Murphy’s mistake gifted O’Sullivan the chance he was waiting for, and he calmly cleared the table from green to black to move 10-6 in front overnight, three frames away from victory in the second-round clash.
O’Sullivan’s famous maximum earned him £165,000 two decades ago, but with the reward this year a relatively meagre £15,000 there has been scant interest from the top players in gambling on the pursuit of the feat
Such breaks typically involve high risks, and O’Sullivan is all about getting the job done this year.
He and Murphy return on Saturday morning, with the latter knowing he must make a fast start.
Murphy at least made sure he avoided a repeat of his 13-3 humbling by O’Sullivan in the last-eight three years ago.
The 34-year-old began 6-2 adrift on Friday afternoon and made an ideal start with a break of 70 before O’Sullivan responded with 63 and 75 to stretch his lead to five frames, which soon became six.
Murphy charged back with 84, 73 and 87, as pressure began to mount on O’Sullivan.
When Murphy fluked the yellow in the final frame of the day, surely O’Sullivan feared the worst.
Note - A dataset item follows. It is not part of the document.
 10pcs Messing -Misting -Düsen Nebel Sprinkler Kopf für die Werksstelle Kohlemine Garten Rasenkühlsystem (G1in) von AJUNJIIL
But the green would not drop for Murphy who saw the prospect of a narrow two-frame deficit substituted for a four-frame chasm.
O’Sullivan and Murphy are far from friends, a sense that was reinforced when Murphy this week forcefully denounced O’Sullivan’s accusations of bullying against Barry Hearn and World Snooker.
The frosty relationship has been reflected in their lack of interaction during the match, but the opposite was true of the players on the other side of the arena.
Mark Allen took the fight to John Higgins on the table, but Scotland’s four-time world champion dug in to be just two frames behind overnight.
Northern Irishman Allen fired 71, 65, 100, 102, 129 and 82 and on that form would have hoped to finish better than 5-3 ahead, the outcome at the end of the session. The pair chatted away in their seats between frames - a stark contrast to the awkward silences between Murphy and O’Sullivan.